You can evaluate your progress based on the coverage and f1 score of your label model, or by training a logistic regression classifier on the data and evaluating the test result.


Define the labels for this task:

In [None]:
ABSTAIN = -1
ELECTRONICS = 0
GUNS = 1

# See Some Examples
Let's look at some positive and negative examples.

In [None]:
# rerun this cell to get a new sample
print("ELECTRONICS")
sample = df_dev[df_dev.label==ELECTRONICS].sample(5)
display(sample)
update_stats({"examples": sample, "class": ELECTRONICS}, "show_examples")

print("GUNS")
sample = df_dev[df_dev.label==GUNS].sample(5)
display(sample)
update_stats({"examples": sample, "class": GUNS}, "show_examples")
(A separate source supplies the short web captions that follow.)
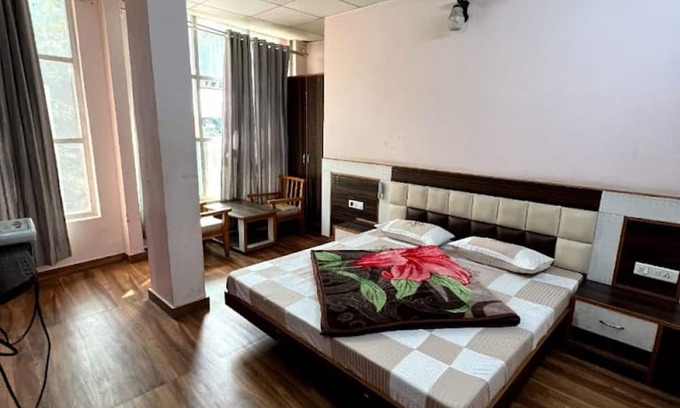 Mandi Hotel | Goroomgo Beas Zayka Mandi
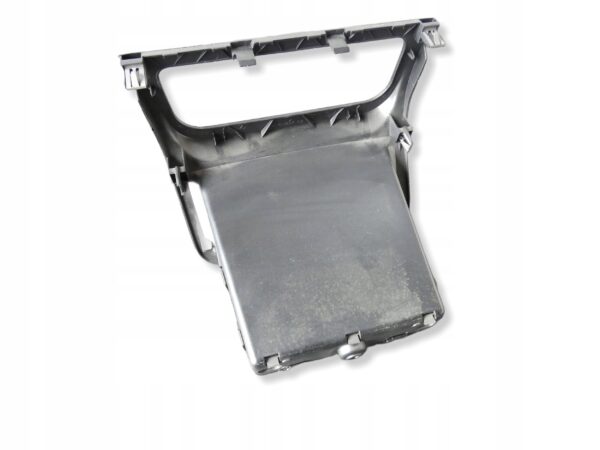 RAMKA PANELU NAWIEWU SCHOWEK VW Tiguan I 5M0819422B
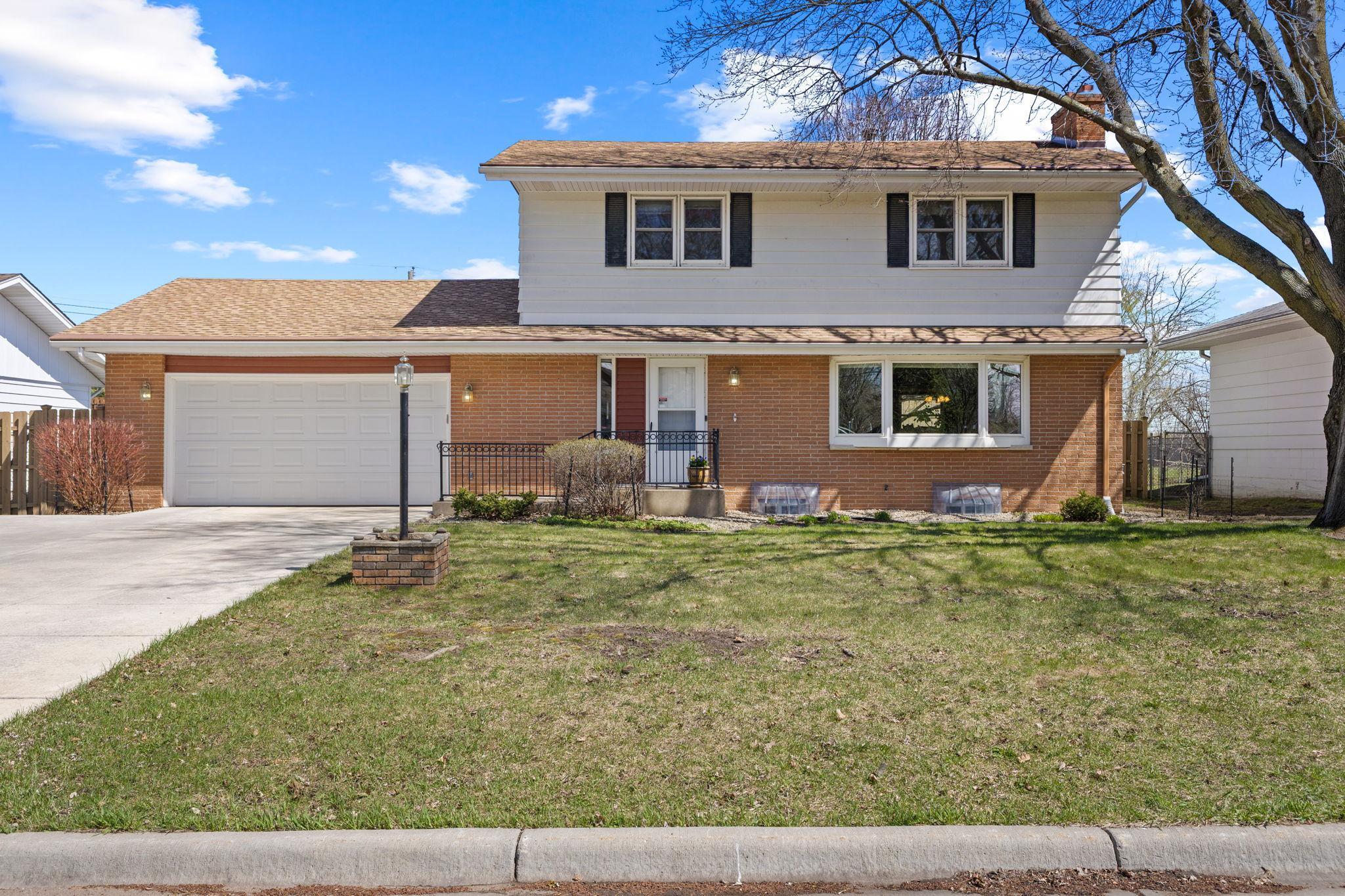 743 Mccallum Drive New Brighton MN 55112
# Write Labeling Functions

Feel free to consult the internet or ask your experiment leader.

*(For the real task, you will be given 30 minutes. You will still be allowed to use the internet in this phase, but not ask your experiment leader.)*

Your function should take x as an input and output ELECTRONICS, GUNS, or ABSTAIN. 

In [None]:
def lf0(x):
    return GUNS if "firearm" in x.text.lower() else ABSTAIN

If you want, you can write helper functions to reuse. For example:

In [None]:
# example helper function 
# see what ratio of a text is capitalized
def ratio_all_caps(text):
    x_chars = ''.join(text.split())  # remove all whitespace
    if len(x_chars)==0:
        return 0
    x_upper = sum(i.isupper() for i in x_chars) / len(x_chars)
    return x_upper

In [None]:
def lf1(x):
    if ratio_all_caps(x.text) > 0.8:
        return GUNS
    else:
        return ABSTAIN

In [None]:
def lf2(x):
    count = len(re.findall("power", x.text.lower())) 
    if count >= 2:
        return ELECTRONICS  
    else: 
        return GUNS 

In [None]:
def lf3(x):
    if "tesla" in x.text.lower():
        return ELECTRONICS  
    else: 
        return ABSTAIN

In [None]:
def lf4(x):
    return ABSTAIN

### Test your function (optional)

In [None]:
from types import SimpleNamespace

def test_func(lf, example_text):
    x = SimpleNamespace(text=example_text)
    update_stats({"function": lf.__name__, "text": example_text}, "test_function")
    return lf(x)

In [None]:
test_func(lf2, "I've got a powerful powerful tesla coil")

# Apply Functions
This is how we obtain training labels, by training a model to combine the outputs of the noisy labeling functions.
`L_train` and `L_dev` are matrices representing the label returned by each labeling function for each example in the training and development sets.

You need to apply your functions each time to update them to see your results!

In [None]:
# Make sure all your functions are in this list!
my_lfs = [lf0, lf1, lf2, lf3, lf4]


lfs = [LabelingFunction(name="lf{}__".format(i), f = lf ) for i, lf in enumerate(my_lfs)]

# Apply the LFs to the unlabeled training data, and the development data
applier = PandasLFApplier(lfs)
L_train = applier.apply(df_train)
L_dev = applier.apply(df_dev)

update_stats({"num_lfs": len(lfs), "lfs": lfs}, "submit_lfs", applier=applier)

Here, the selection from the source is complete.